The setting for A Funny Thing Happened on the Way to the Forum is a street in ancient Rome, in front of three adjacent houses. First is the brothel of Lycus, who takes his profession of peddler of fresh very seriously. Next is the house of Senex, his wife Domina, and their son Hero. Last is the house of Erronius who continually bemoans the unsolved kidnapping long ago of his son and daughter.

Pseudolus, a slave in the household Senex and the property of Hero, is anxious to obtain his freedom. To do so, he will resort to all kinds of trickery, abetted reluctantly by fellow-slave Hysterium. (“I live to grovel,” he says complacently.) Pseudolus, who is a conniving and quick-witted rascal, has figured that the best way of bargaining for his freedom is to cater to the sex-hungers of the men of the household, especially Hero, who yearns for the beautiful Philia, a still virginal girl who is in basic training for a courtesan’s career in the bawdy house run by Lycus. Hero agrees to give Pseudolus his freedom if he can help him win Philia.

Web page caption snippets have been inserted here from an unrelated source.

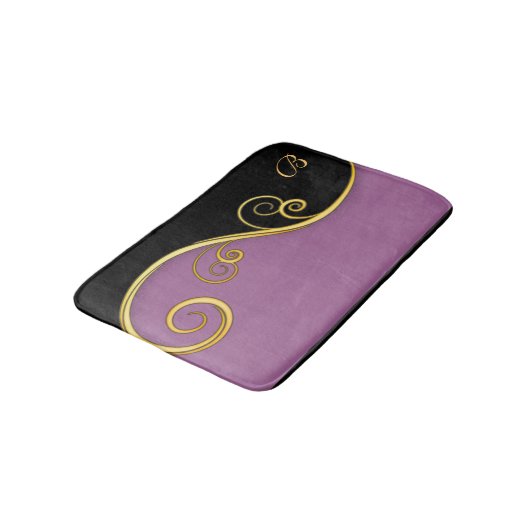紫色の黒い渦巻きイニシャル バスマット (アングル)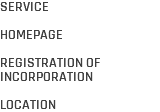 SERVICE HOMEPAGE REGISTRATION OF INCORPORATION LOCATION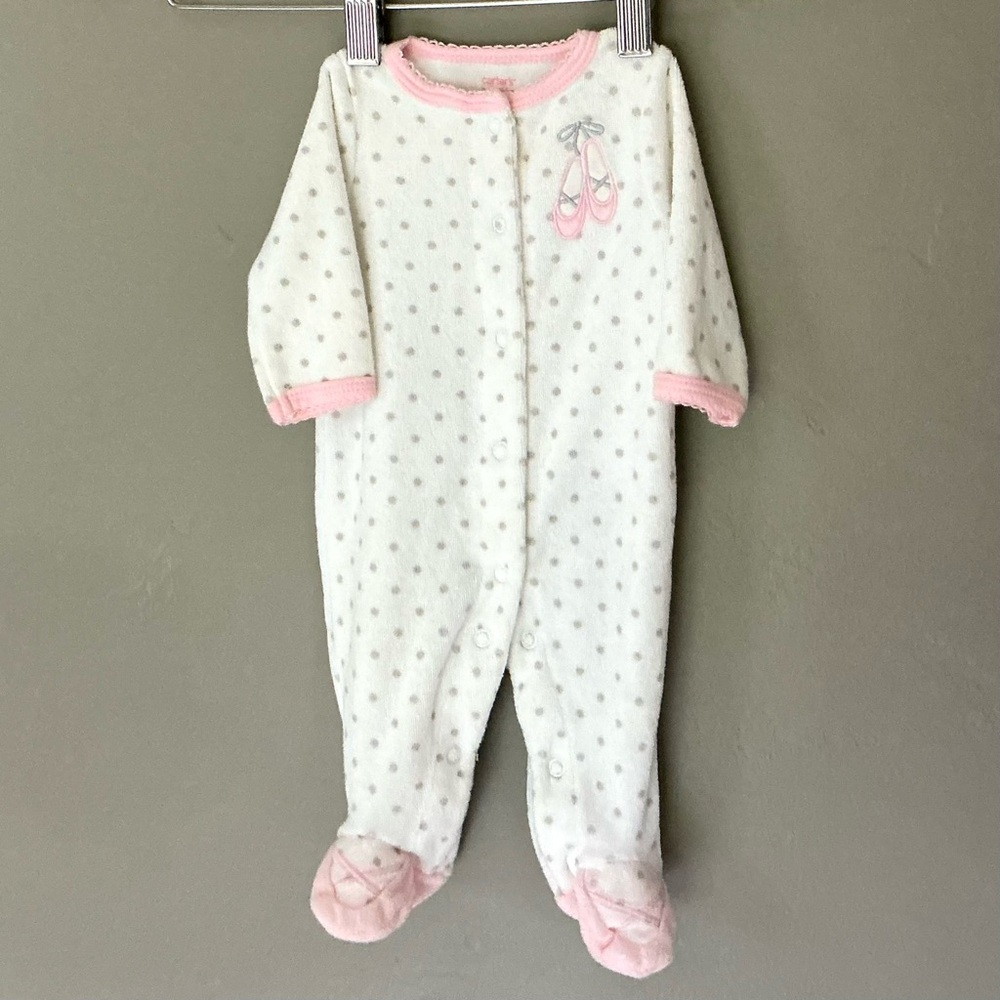 Carters Newborn NB Ballerina Sleeper or Costume Polka Dot Ballet Pointe Shoes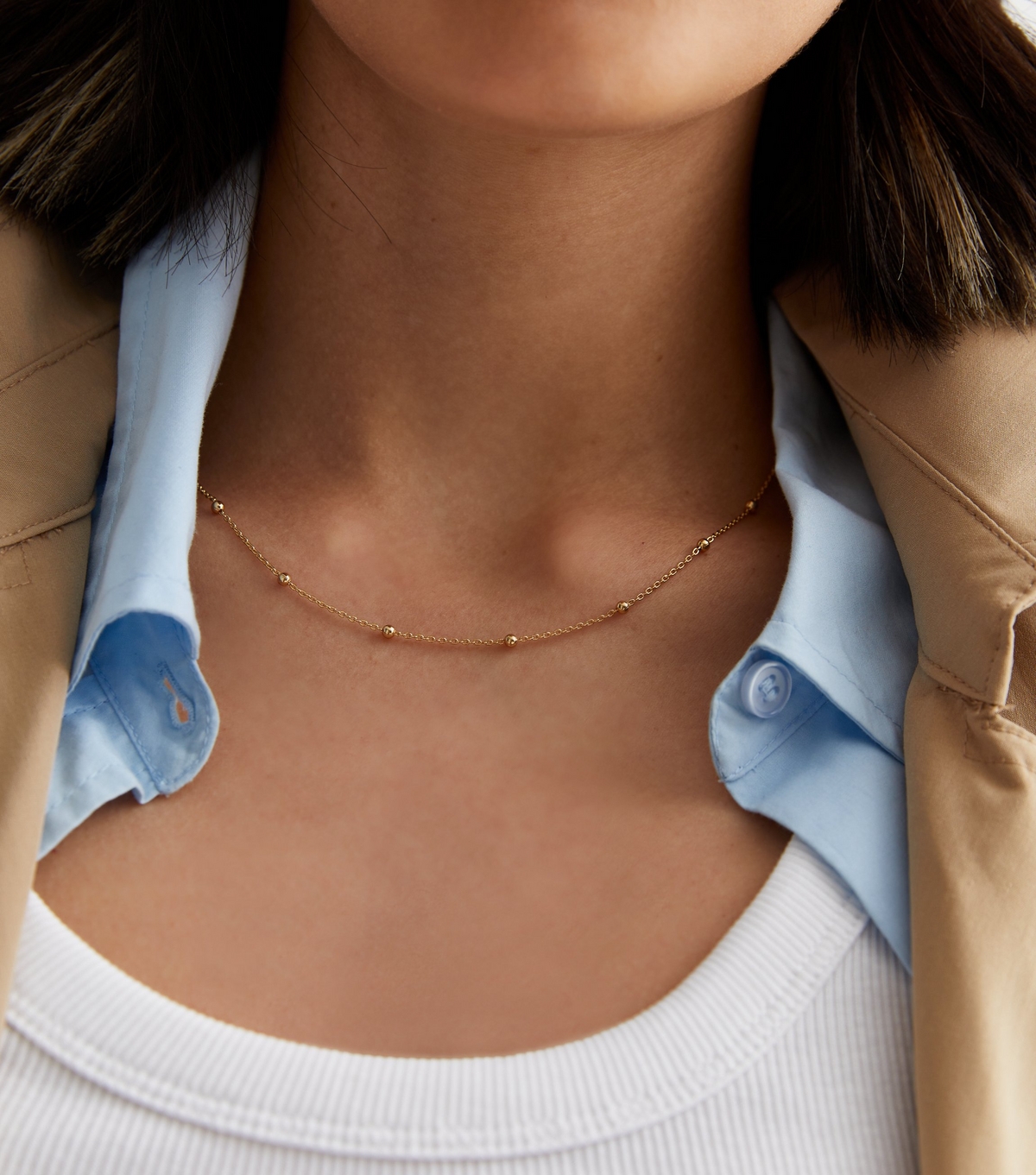 18ct Gold Plated Ball Chain Necklace New Glance
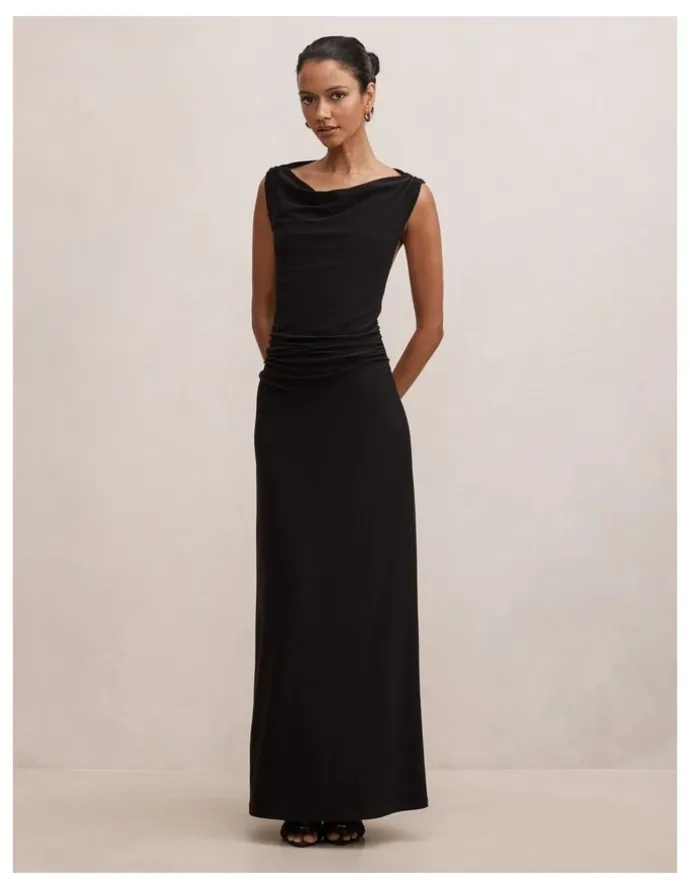 Forever New Petite Jae Bubble Back Hardware Maxi Dress in Black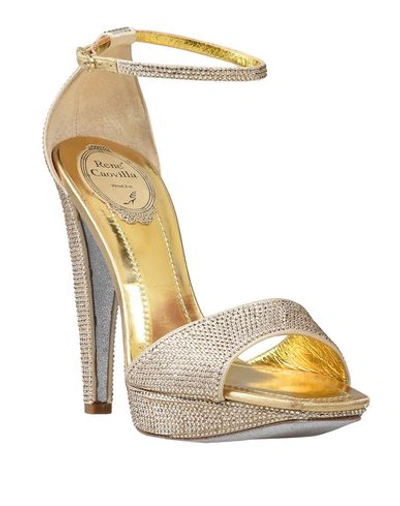 Shop René Caovilla Sandals In Gold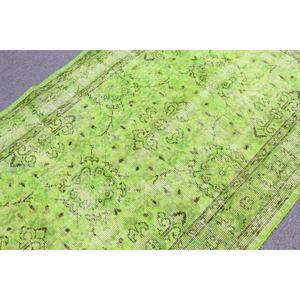 Alfombra Turca Vintage de 3.7x6.8 pies, Alfombra de Lana con Diseño de Plantas y Árboles Verdes - Product Image 5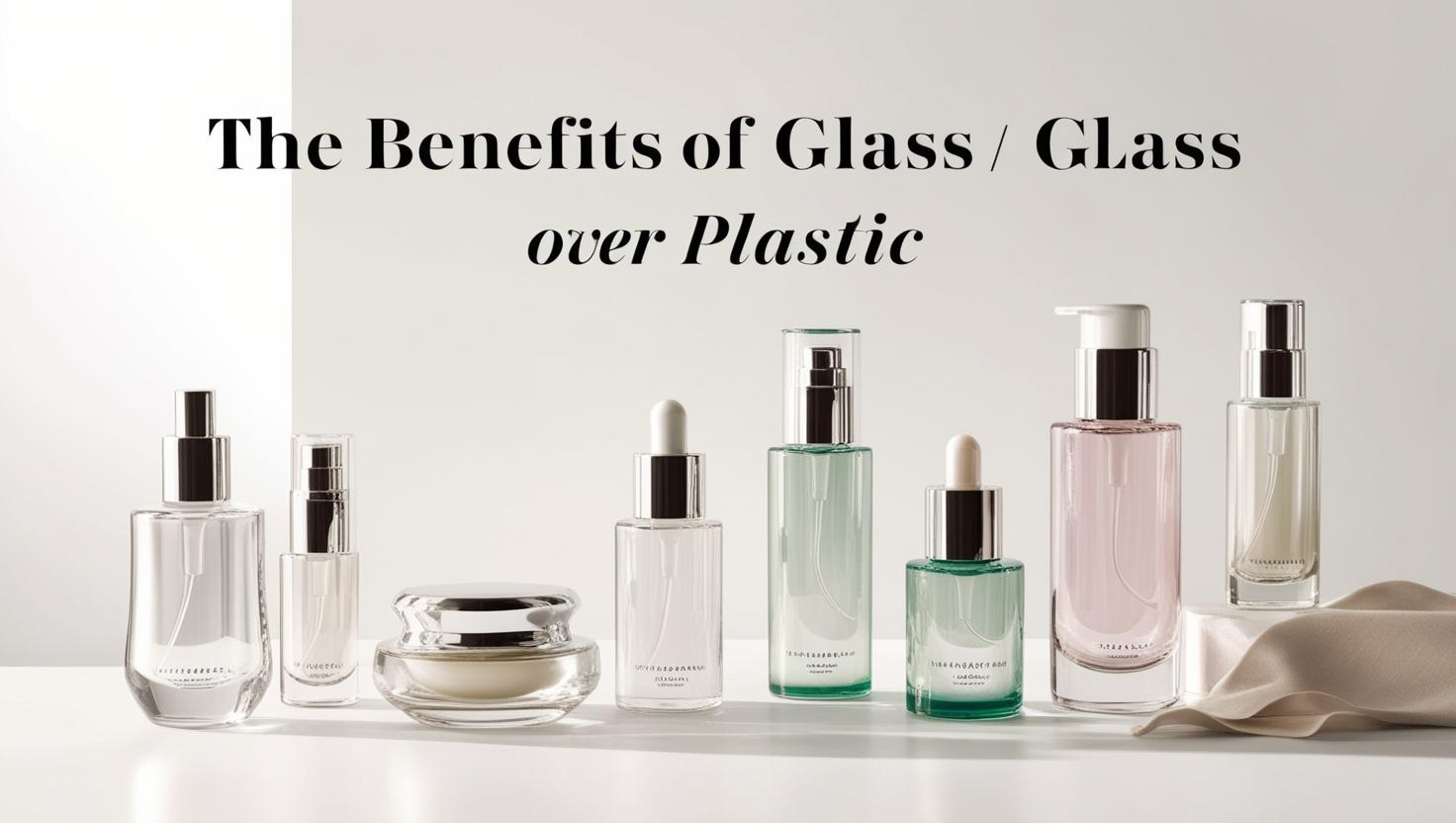 Elegant skincare bottles and jars made of glass, showcasing a clean, minimalist design with silver accents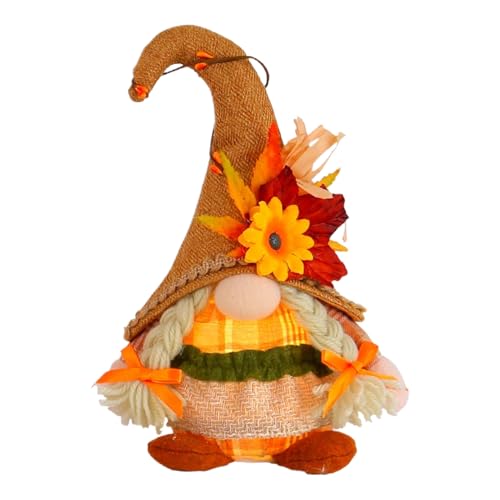 Herbst-Plüsch- | LED-beleuchteter Plüsch- für Thanksgiving, saisonale Herbstfigur, Schreibtisch-Ornamente für Bücherregal, Garten, Tisch, Regale, Kaminsims, Terrassennächte von Biniveil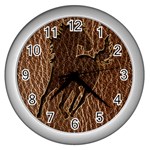 Leather-Look Horse Wall Clock (Silver)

Hero’s aging father, however, lecherously wants to have a last fling and likewise has his eye on Philia. Thus, Pseudolus must also try to give him what he deserves. Finally, as the ultimate complication, Pseudolus is faced with the contracted fact that Philia has already been sold by Lycus to Miles Gloriosus, a soldier momentarily absent from Rome.

Forced to foil all the males who are after the lovely but dumb Philia, Pseudolus has to maneuver with resourcefulness and agility, and the action crosscuts from the chaste to the chase with dizzying speed. Guffaws keep erupting as the schemes of Pseudolus boomerang and get him ever deeper into a mire of deception, entangling everybody who comes near. When the vainglorious and licentious Miles Gloriosus returns to Rome and demands fulfillment of his contract for Philia, Pseudolus is in desperation and quickly declares that she is dead. To help him in this charade, he persuades Hysterium to don a wig and women’s clothes and pretend to be the corpse.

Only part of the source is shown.